See also Cassia, Jerome, and Minidoka Idaho Counties Gold Production

Black Pine District

Commodities: silver, gold, zinc, lead, quicksilver

This district, accessible from several directions by roads, which are poor near the mines, has been known since 1880. Some ore was shipped from the Silver Hills mine about 1894, about 14 cars of unknown content from the Hazel Pine mine about 1914, and 6 cars of zinc carbonate ore from the Ruth mine during the World War. No other production is on record although intermittent development has continued until recently and other small shipments may have been made.

The ore deposits are irregular replacements in Brazer limestone, which have in part been guided by fractures. No igneous rocks crop out in the vicinity. The lodes may be epithermal deposits of mid-Tertiary age. The hypogene minerals include quartz, pyrite, sphalerite, tetrahedrite, jamesonite, caloite, barite, cinnabar, and realgar. Oxidation is shallow. The zinc carbonate ore mined during the war was bottomed within 12 feet of the surface. According to Anderson, the silver and gold content of the tetrahedrite offers the best hope for future development, with lead, zinc, and possibly copper as by-products.

Goose Creek District

Commodity: coal

This district contains lignite in Tertiary beds, reported to be of poor quality.

Stokes District

Commodities: lead, silver

Ore deposits have long been known in this district, which is nearly 40 miles from Burley on a branch of the Union Pacific Railroad, and a number of small shipments have been made, but as yet mining has been confined to small-scale operations and there appears to have been no production for over 10 years.

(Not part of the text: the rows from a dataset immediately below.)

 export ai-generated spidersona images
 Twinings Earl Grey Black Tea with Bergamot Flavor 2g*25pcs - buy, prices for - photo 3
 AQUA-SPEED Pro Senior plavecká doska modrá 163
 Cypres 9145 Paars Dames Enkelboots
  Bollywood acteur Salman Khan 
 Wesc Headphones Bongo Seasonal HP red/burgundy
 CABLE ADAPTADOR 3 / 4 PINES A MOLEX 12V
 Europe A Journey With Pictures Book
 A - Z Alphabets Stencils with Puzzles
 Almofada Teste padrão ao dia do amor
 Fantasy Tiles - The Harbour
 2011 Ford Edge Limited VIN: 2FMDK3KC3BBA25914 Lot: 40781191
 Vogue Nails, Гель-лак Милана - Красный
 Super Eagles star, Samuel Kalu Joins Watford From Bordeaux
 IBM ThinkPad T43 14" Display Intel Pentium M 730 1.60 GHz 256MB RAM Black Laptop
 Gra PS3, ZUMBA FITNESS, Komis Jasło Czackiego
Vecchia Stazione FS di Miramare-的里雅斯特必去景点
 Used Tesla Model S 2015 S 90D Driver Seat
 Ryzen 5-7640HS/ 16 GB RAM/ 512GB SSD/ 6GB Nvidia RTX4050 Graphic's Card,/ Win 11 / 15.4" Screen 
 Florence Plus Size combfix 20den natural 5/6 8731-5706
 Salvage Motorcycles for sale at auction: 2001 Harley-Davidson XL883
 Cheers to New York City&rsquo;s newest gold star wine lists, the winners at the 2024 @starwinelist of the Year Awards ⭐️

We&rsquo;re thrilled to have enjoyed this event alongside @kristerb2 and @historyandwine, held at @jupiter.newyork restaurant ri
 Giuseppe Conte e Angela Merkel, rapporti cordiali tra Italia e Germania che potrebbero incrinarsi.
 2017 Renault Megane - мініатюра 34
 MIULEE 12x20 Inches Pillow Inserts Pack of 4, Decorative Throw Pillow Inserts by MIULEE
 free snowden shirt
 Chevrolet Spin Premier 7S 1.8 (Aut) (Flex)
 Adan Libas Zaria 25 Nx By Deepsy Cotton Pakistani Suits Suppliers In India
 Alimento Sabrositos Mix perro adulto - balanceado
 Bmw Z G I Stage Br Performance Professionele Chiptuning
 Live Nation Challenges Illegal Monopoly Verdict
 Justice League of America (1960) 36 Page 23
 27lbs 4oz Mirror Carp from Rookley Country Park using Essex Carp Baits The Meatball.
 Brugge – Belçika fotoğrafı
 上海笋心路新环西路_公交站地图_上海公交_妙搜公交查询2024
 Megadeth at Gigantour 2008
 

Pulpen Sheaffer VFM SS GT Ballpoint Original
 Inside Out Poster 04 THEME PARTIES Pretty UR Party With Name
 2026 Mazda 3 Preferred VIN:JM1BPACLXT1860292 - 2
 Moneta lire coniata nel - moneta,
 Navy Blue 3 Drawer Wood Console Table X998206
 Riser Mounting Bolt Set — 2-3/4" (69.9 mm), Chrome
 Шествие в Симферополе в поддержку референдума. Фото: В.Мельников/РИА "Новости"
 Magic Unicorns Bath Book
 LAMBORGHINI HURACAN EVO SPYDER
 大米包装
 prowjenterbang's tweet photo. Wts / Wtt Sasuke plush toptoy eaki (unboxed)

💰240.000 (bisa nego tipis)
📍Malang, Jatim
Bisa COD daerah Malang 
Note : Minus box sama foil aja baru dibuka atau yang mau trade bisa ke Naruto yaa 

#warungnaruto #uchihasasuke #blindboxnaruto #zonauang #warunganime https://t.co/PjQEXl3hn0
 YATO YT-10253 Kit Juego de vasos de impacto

The lodes are mainly fissure fillings with some replacement in pre-Cambrian (?) quartzite and Carboniferous strata overridden by the quartzite along a thrust fault. Mineralization is believed to be related to the nearby stock of granodiorite regarded by Anderson as intruded at about the end of the Cretaceous. The valuable metals are lead and silver with subordinate amounts of gold and copper. The principal hypogene metallic minerals are tetrahedrite, pyrite, and chalcopyrite in a quartz gangue. Arsenopyrite, specularite and sphalerite are rare.